ENTRIES SUPPLIED —
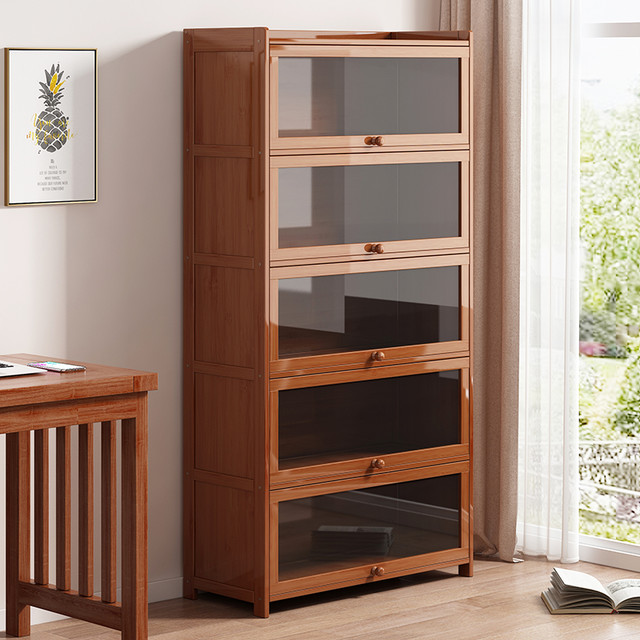 YONGJUE 永爵 书架置物架落地书柜储物柜一体靠墙收纳家用多层带门防尘展示柜子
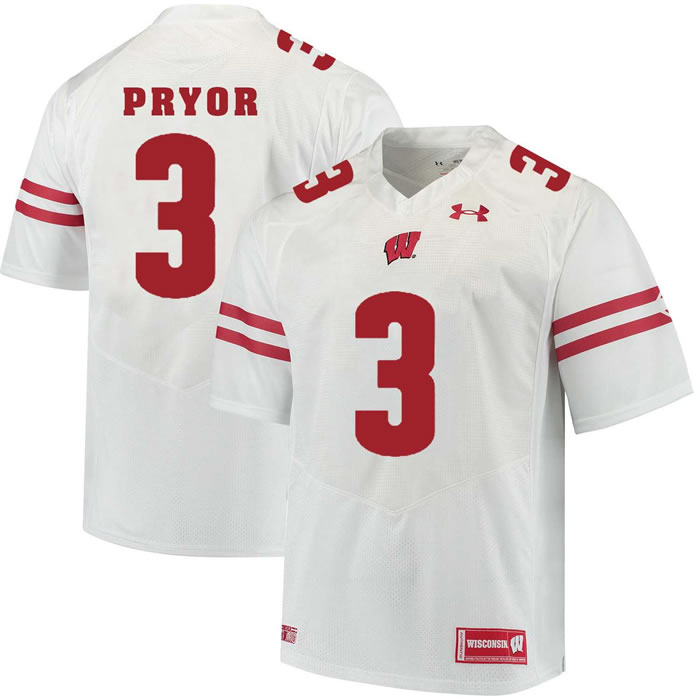 Wisconsin Badgers #3 Kendric Pryor White College Football Jersey DingZhi
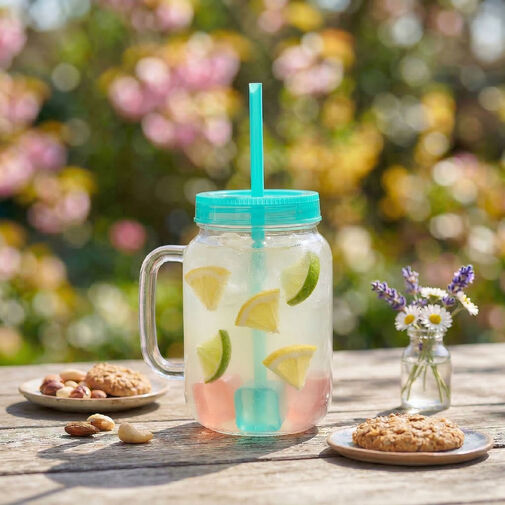 57160R • Pohár so slamkou - zelený - 4 ks chladiacich ľadových kociek, 550 ml, 17 x 7,5 x 13,5 cm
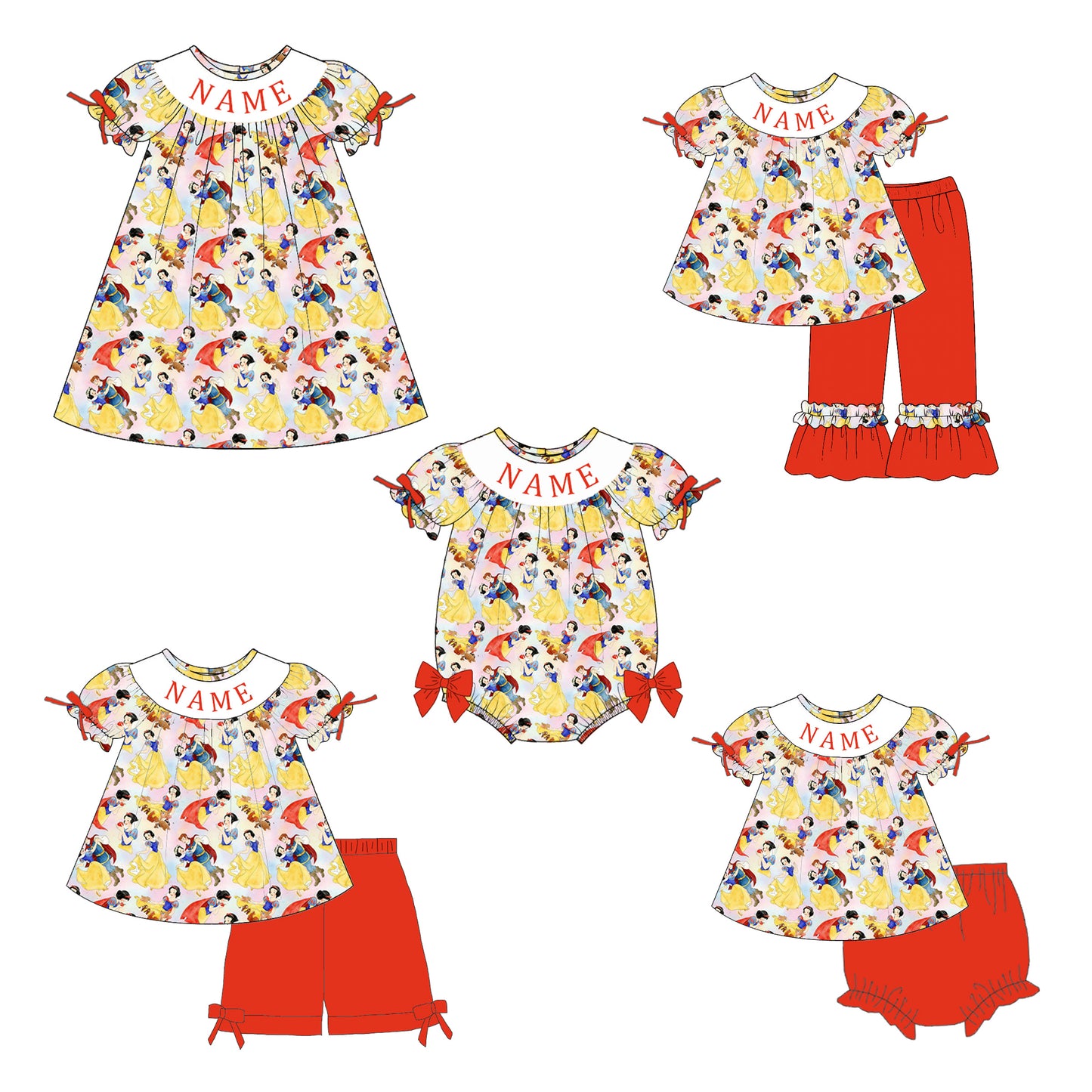 Personalized Princess Smocked Girls Outfit – Custom Name Southern Boutique Summer Collection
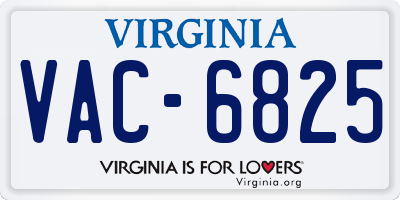 VA license plate VAC6825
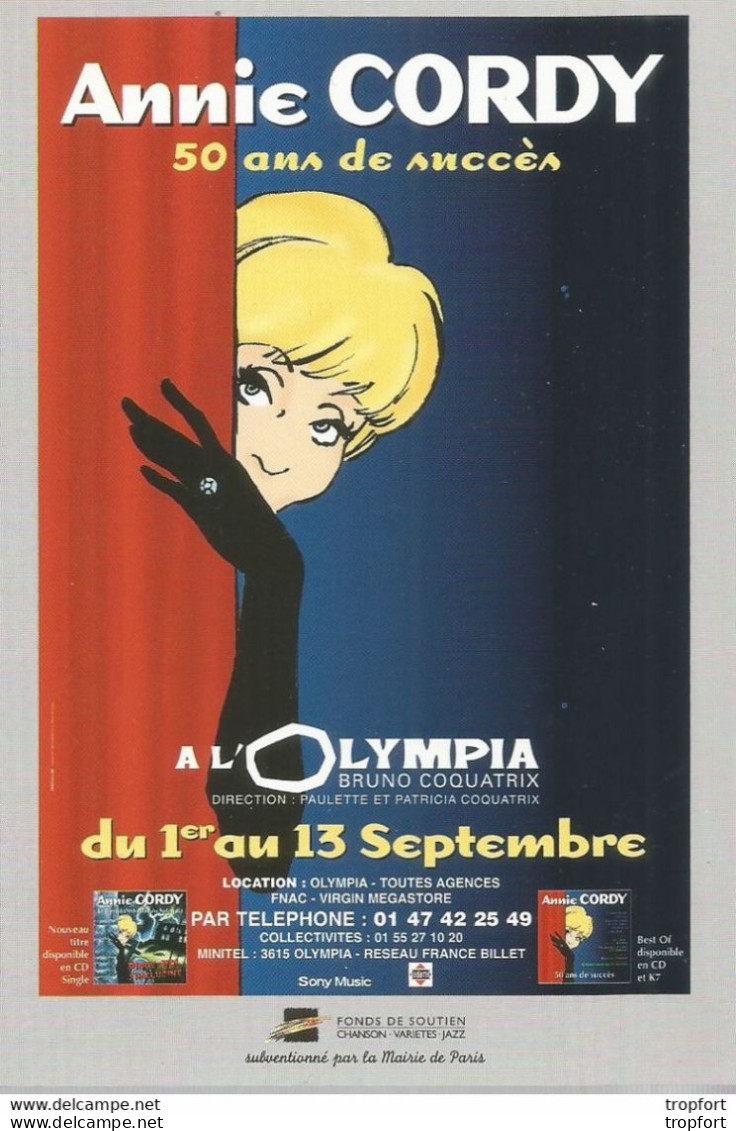 F42 / CARTE CPM Publicitaire PUB Advertising Card Cart' Com MUSIQUE Théâtre OLYMPIA Annie CORDY 50 Ans De SCENE - Advertising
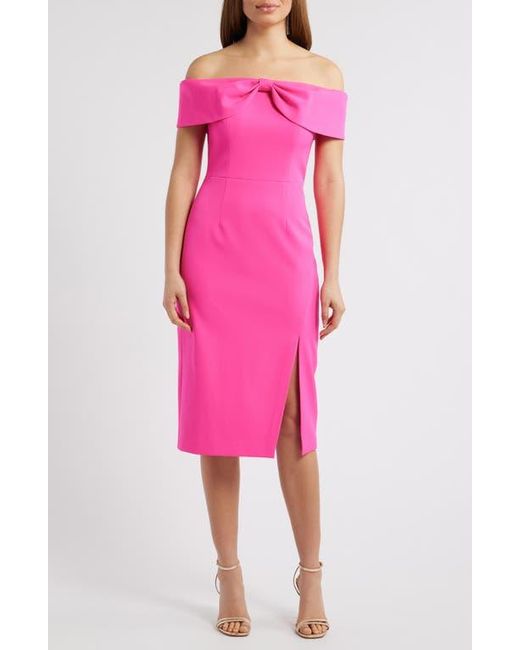 Eliza J Bow Off The Shoulder Midi Dress in Pink | Lyst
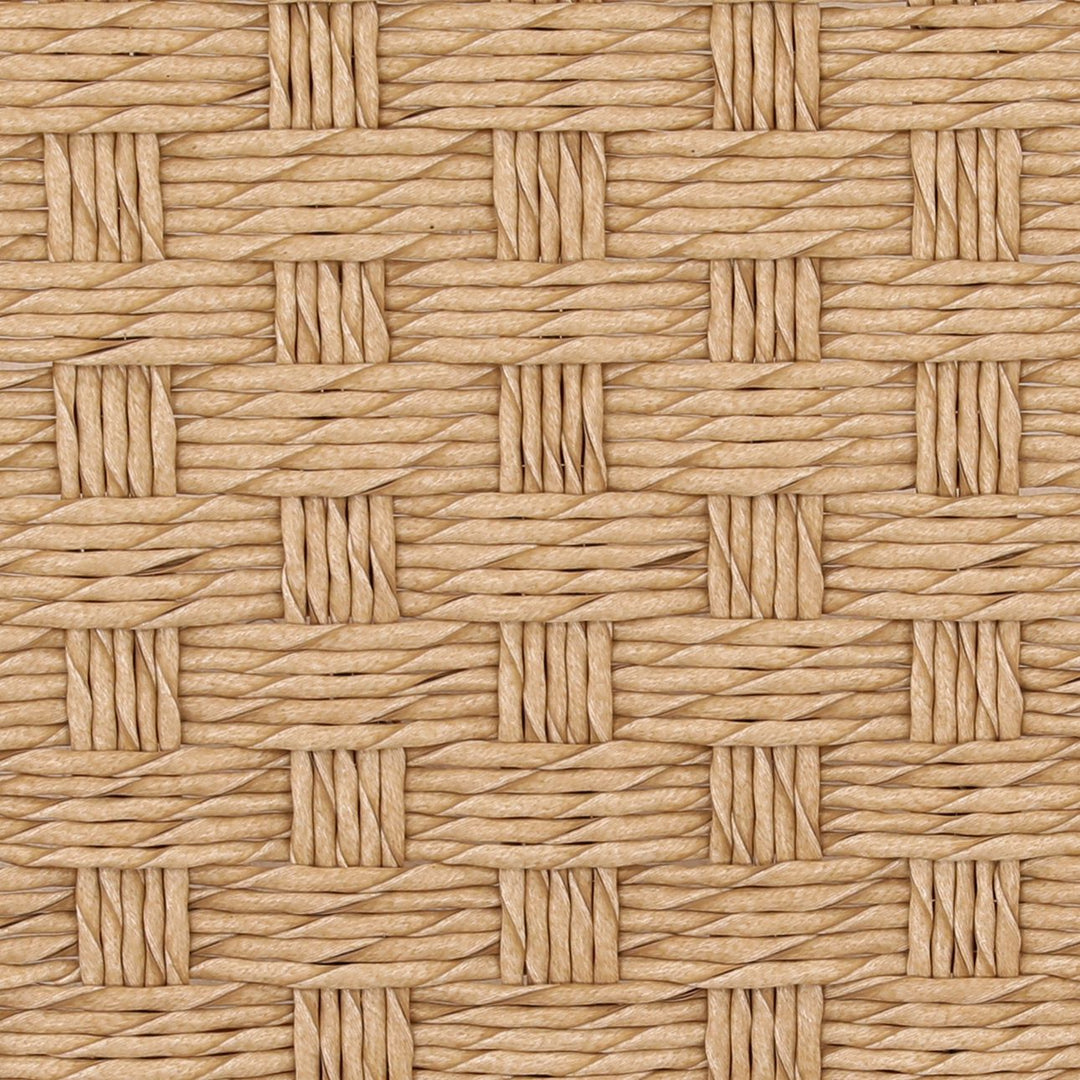Parren Woven Teak Outdoor Ottoman, detail 1 view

PROBLEM DESCRIPTION — Reproduce only the lines running from the beginning of the entries above to the line holding "VA license plate VAC6825", inclusive. Pictures stay out of the copy.

TASK RESPONSE —
 YONGJUE 永爵 书架置物架落地书柜储物柜一体靠墙收纳家用多层带门防尘展示柜子
 Wisconsin Badgers #3 Kendric Pryor White College Football Jersey DingZhi
 57160R • Pohár so slamkou - zelený - 4 ks chladiacich ľadových kociek, 550 ml, 17 x 7,5 x 13,5 cm
 Personalized Princess Smocked Girls Outfit – Custom Name Southern Boutique Summer Collection
 VA license plate VAC6825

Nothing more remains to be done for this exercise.